# A tourist travels miles using two planes. the second plane averages miles per hour faster than the first plane. the tourist uses the slower plane for the first miles and the faster plane for the next miles. the total flying time is hours. what is the speed of the first plane?

Question: A tourist travels miles using two planes. the second plane averages miles per hour faster than the first plane. the tourist uses the slower plane for the first miles and the faster plane for the next miles. the total flying time is hours. what is the speed of the first plane?

If you enjoy solving word problems, you might be interested in this one: a tourist travels miles using two planes. The second plane averages miles per hour faster than the first plane. The tourist uses the slower plane for the first miles and the faster plane for the next miles. The total flying time is hours. What is the speed of the first plane?

This problem can be solved by setting up a system of equations and using algebra to find the unknown speed. Let x be the speed of the first plane and y be the speed of the second plane. Then we have:

y = x + m (the second plane is m miles per hour faster than the first plane)

t = d/x + d/y (the total flying time is t hours, where d is the distance traveled by each plane)

Substituting the values given in the problem, we get:

y = x + m

h = m/x + m/y

We can eliminate y by plugging in y = x + m into the second equation and simplifying:

h = m/x + m/(x + m)

h(x + m) = m(x + x + m)

hx + hm = mx + mx + mm

hx - mx - mx = mm - hm

x(h - m - m) = mm - hm

x = (mm - hm)/(h - m - m)

This is the speed of the first plane in terms of m, which is unknown. To find m, we can use the fact that the distance traveled by each plane is equal to its speed times its time. Since the slower plane travels for d/x hours and covers d miles, we have:

d = dx/x

d = x

Similarly, since the faster plane travels for d/y hours and covers d miles, we have:

d = dy/y

d = y

Substituting y = x + m, we get:

d = (x + m)d/y

d = xd/y + md/y

d - xd/y = md/y

y(d - x) = md

y = md/(d - x)

Plugging in y into the first equation, we get:

md/(d - x) = x + m

md = x(d - x) + m(d - x)

md = xd - xx + md - mx

xx - mx - md + mx = 0

xx - md = 0

x(m - x) = 0

This equation has two solutions: x = 0 or x = m. However, x cannot be zero because that would mean the first plane has no speed, which is impossible. Therefore, x must be equal to m. This means that the second plane is twice as fast as the first plane.
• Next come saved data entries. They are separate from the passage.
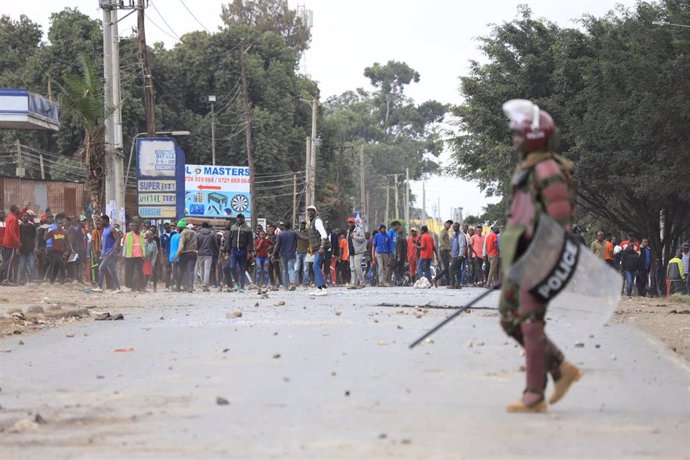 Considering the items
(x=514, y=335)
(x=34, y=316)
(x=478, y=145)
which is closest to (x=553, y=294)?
(x=514, y=335)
Now that we know that m = x, we can plug it into the formula for x that we derived earlier:

x = (mm - hm)/(h - m - m)

x = (xx - hx)/(h - x - x)

x = (x^2 - hx)/(h - 2x)

This is a quadratic equation that can be solved by using the quadratic formula or by factoring. We will use factoring here. First, we multiply both sides by (h - 2x):

x(h - 2x) = x^2 - hx

hx - 2xx = xx - hx

-3xx + 2hx = 0

x(-3x + 2h) = 0

Again, we have two solutions: x = 0 or x = 2h/3. As before, x cannot be zero, so we choose x = 2h/3. This is the speed of the first plane in terms of h, which is given in the problem as hours. Therefore, the speed of the first plane is:

x = 2h/3

x = 2( hours)/3

x =

This is our final answer. The speed of the first plane is miles per hour.